At the end of the press conference, we chatted a bit (most of the press were looking for words from the Hollywood stars). I was affected by that scene, and the thought of floating bodily in space with our entire planet in your field of vision, and I asked what I was afraid might be a silly question. At moments like that, did he ever think we should have sent poets up there? Cernan said he often thought exactly that, that he felt frustrated at being unable to find the words to convey what he saw.

As good a movie as First Man is, the triumphal mood of that event seems off-key in light of what’s happened after the Apollo program ended.

We’ve invented a lot of things, but haven’t aspired to much in the years since. Sourly enough, the only presidentially-driven project in recent years that has captured (a segment of) the public’s imagination is Donald Trump’s Mexican Wall. The internet could arguably be our greatest achievement, but it was invented by the military, and eventually found its niche with porn, spam, hate-sites, endless arguments — and with the possible destabilization of democracy as its final legacy.

Yes, the Space Race was militarily-inspired, a Cold War baby dedicated to “proving” that the West had a better system than the Soviet Union. (And though people were transfixed worldwide, it wasn’t universally loved, as Chazelle underlines in First Man by including a protest scene soundtracked by Gil Scott-Heron’s spoken-word piece “Whitey on The Moon”).

But in Accessory to War, his new book with Avis Lang, astrophysicist Neil deGrasse Tyson portrays science and the military as “curiously complicit” in a Devil’s bargain that’s generally moved mankind forward over centuries.

“The universe is both the ultimate frontier and the highest of high grounds,” he writes. “Shared by both space scientists and space warriors, it’s a laboratory for one and a battlefield for the other.”
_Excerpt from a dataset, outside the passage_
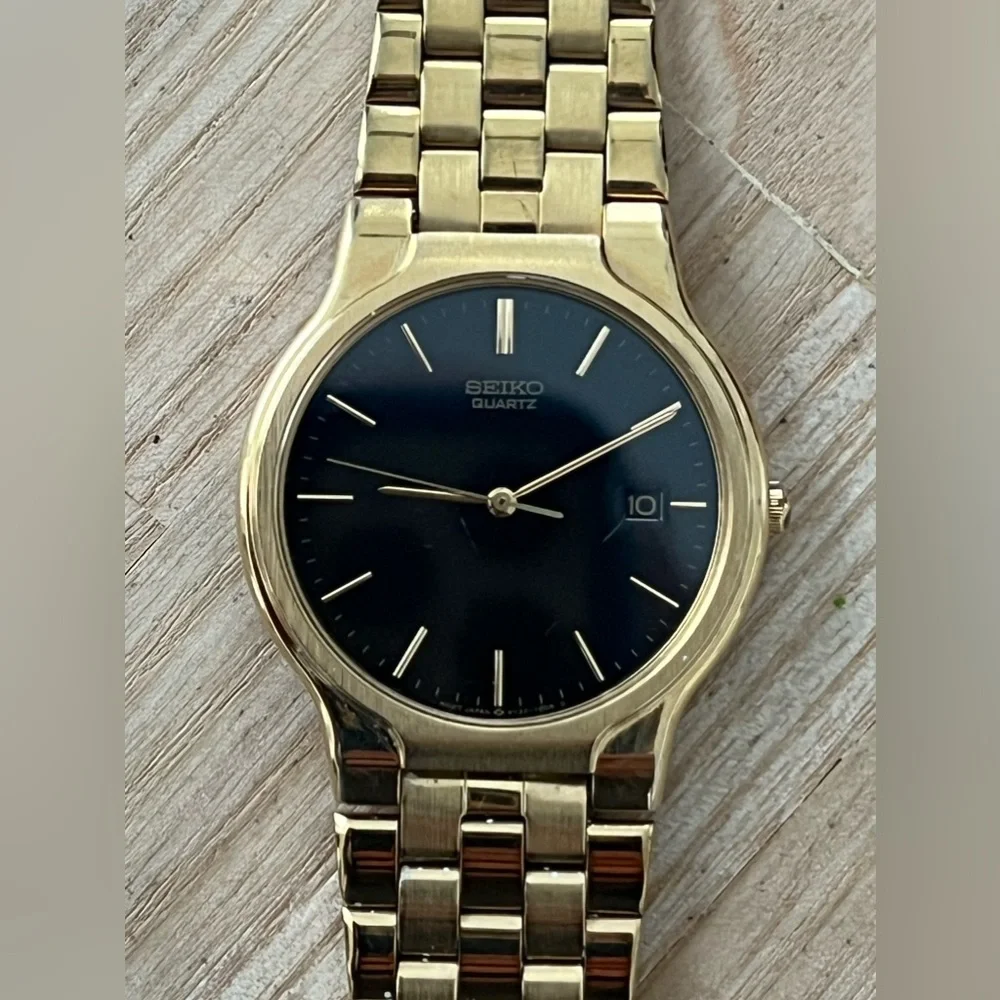 Seiko Rare Vintage Men’s Watch Gold-Tone Weave Bracelet Black Dial Date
Whatever its baser motives, going to the moon was an aspiration — a goal accomplished by the United States as a nation. It’s hard to say what we in the West aspire to now. Satellites bring us TV in cottage country and GPS, so an entire generation can grow up not knowing how to read a map.

Jimmy Carter used to talk about the late 1970s as being a time of “malaise,” and it’s no coincidence that conspiracies first arose around then that said we never went to the moon at all.

For what it’s worth, President Trump has urged NASA to return to the moon ahead of any Mars mission, but hasn’t allocated much for the project (while cutting a whole bunch of others). As presidential commitments to space go, it’s up there with George W. Bush’s 2004 commitment — also unfunded — to get us back to the moon by 2020. So, for now, if Americans want to go to space, they’ll have to continue to do it as hitchhikers on Russian rockets (good thing Trump and Putin are pals).

Arguably, if we are going to stay on this planet, we could aspire to save it. But even as evidence mounts of dramatic harm we’ve done, powerful feet remain dug in (the current U.S. administration seeks to defund NASA programs dedicated to monitoring the environment).

Earthbound or not, aspiring to save ourselves might be our last great test as a species. In the meantime, some of us can remember what it’s even like to aspire.